When ED > 1, the good has price-elastic demand. In this case a price decrease increases total revenue.

When ED < 1, the good has price-inelastic demand. In this case a price decrease decreases total revenue.

When ED = 1, the good has unit-inelastic demand. Under this condition total revenue stays the same even when the price changes.

When ED = 0, the demand is completely inelastic.
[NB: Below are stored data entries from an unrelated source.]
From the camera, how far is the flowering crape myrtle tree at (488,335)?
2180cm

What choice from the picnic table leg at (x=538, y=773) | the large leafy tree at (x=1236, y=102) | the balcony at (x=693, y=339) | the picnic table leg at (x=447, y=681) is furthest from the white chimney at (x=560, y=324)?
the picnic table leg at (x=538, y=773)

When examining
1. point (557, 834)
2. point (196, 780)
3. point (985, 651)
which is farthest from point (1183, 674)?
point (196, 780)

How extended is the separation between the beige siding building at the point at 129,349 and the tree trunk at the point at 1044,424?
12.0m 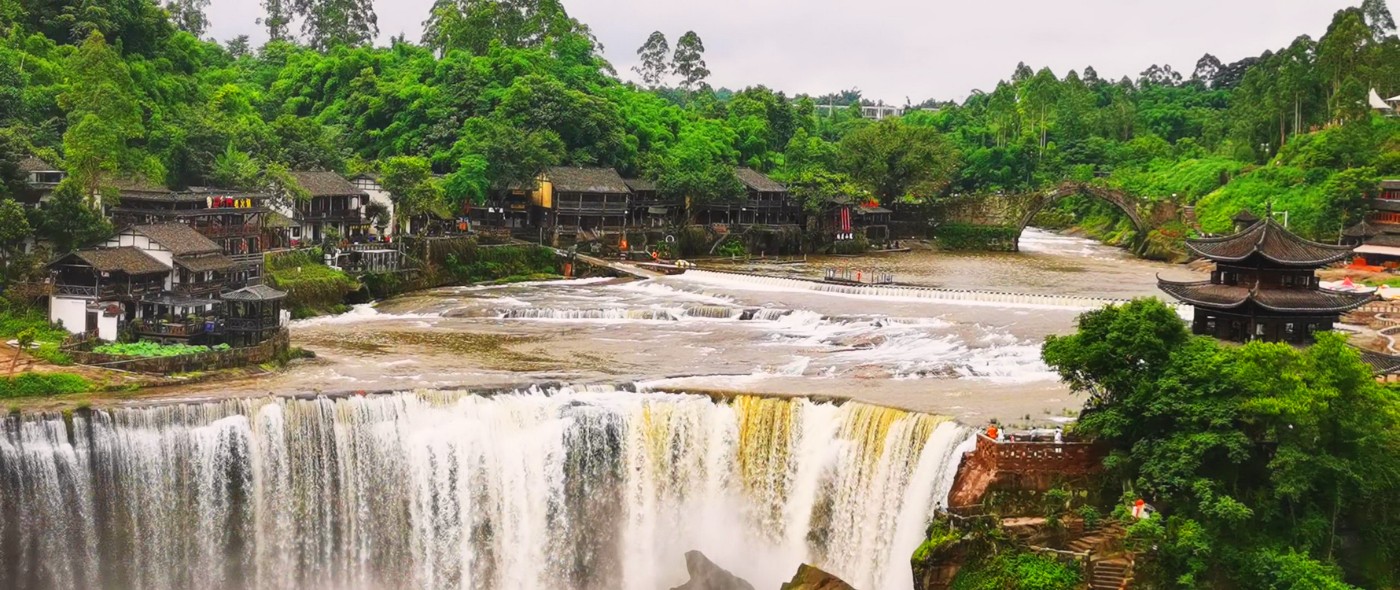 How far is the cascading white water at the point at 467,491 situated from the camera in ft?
121

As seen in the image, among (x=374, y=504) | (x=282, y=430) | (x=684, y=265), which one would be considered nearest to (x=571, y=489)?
(x=374, y=504)

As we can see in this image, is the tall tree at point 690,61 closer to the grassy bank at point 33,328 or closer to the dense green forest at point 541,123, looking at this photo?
the dense green forest at point 541,123

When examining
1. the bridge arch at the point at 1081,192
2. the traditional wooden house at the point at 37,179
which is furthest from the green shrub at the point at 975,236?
the traditional wooden house at the point at 37,179

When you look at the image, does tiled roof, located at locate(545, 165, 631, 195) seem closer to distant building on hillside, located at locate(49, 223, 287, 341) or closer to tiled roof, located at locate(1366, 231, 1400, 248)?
distant building on hillside, located at locate(49, 223, 287, 341)


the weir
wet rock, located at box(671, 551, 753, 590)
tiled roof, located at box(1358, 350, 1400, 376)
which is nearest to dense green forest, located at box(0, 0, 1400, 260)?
the weir

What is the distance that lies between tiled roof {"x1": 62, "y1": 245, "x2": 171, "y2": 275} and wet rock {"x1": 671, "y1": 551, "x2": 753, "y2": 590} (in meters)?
23.1

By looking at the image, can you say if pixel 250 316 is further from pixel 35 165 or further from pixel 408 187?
pixel 408 187

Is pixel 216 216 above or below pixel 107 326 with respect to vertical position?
above

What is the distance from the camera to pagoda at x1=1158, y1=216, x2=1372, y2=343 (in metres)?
42.4

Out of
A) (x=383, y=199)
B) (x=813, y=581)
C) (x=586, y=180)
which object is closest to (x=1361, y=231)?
(x=586, y=180)

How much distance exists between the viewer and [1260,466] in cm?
3394

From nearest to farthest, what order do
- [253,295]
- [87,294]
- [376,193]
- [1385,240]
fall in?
[87,294]
[253,295]
[1385,240]
[376,193]

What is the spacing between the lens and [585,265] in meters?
81.9

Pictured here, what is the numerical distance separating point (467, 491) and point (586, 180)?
49250 mm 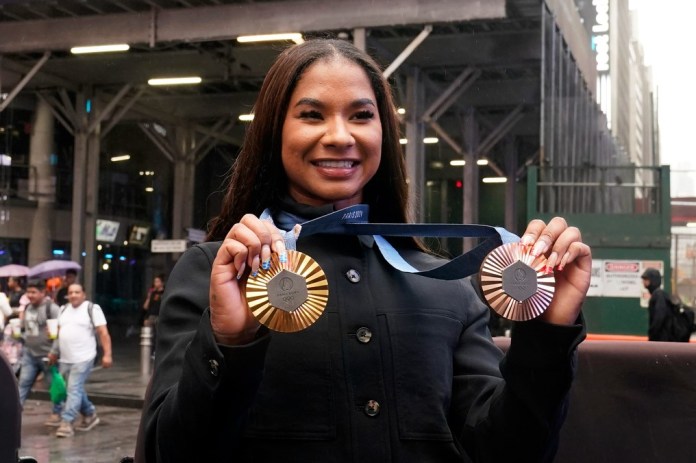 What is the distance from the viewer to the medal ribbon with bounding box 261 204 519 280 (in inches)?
64.4

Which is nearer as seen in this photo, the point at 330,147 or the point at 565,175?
the point at 330,147

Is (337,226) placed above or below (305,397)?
above

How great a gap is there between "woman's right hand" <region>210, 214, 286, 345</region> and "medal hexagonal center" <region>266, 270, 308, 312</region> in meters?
0.04

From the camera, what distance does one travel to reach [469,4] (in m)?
15.9

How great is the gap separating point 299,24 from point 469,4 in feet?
9.25

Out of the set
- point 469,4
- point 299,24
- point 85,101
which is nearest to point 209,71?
point 85,101

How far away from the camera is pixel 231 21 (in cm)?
1734

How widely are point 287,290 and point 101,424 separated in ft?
38.2

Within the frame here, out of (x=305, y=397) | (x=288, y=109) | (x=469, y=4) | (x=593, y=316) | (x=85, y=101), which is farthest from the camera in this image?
(x=85, y=101)

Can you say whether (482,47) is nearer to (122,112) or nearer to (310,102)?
(122,112)

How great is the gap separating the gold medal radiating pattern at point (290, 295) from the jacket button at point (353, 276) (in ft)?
1.26

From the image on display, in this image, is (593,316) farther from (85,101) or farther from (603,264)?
(85,101)

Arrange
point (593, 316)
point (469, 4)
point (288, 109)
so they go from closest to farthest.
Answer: point (288, 109)
point (593, 316)
point (469, 4)

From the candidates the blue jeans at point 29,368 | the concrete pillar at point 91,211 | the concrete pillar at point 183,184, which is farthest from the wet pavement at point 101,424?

When ED is infinite the demand is completely elastic. Even the tiniest change in price causes a huge change in quantity demanded, so huge that, for all intents and purposes, we can call the response infinite. When demand is perfectly elastic, then no matter how much people are buying, the demand curve will be a horizontal line. The demand for a single brand of salt may fall into this category.

goutham | Student

Elasticity of demand is a demand relationship in which a any given percentage change in price will result in a larger percentage change in the quantity demanded. The more demand expands or contracts after a price change the greater the elasticity. For example, if a 'goods' has a close substitute such as chicken substituted for steak the steak is 'elastic'. If the price for steak goes up consumers can choose something else to satisfy their dinner meal. However to fully understand elasticity of demand an example of inelasticity of demand is needed. Milk is usually said to be inelastic because there is no close substitute. ( it is true there is powdered and condensed milk but these 'goods' are not powerful enough to affect demand for milk) If the price of a gallon of milk goes up consumers will still purchase the milk. Usually consumer reasoning boils down to a decision about luxury verses necessity.

rsheats | Student

The definition of the price of the elasticity of demand is the measure of the responsiveness of quantity demanded to a charge in price, with all other factors held constant.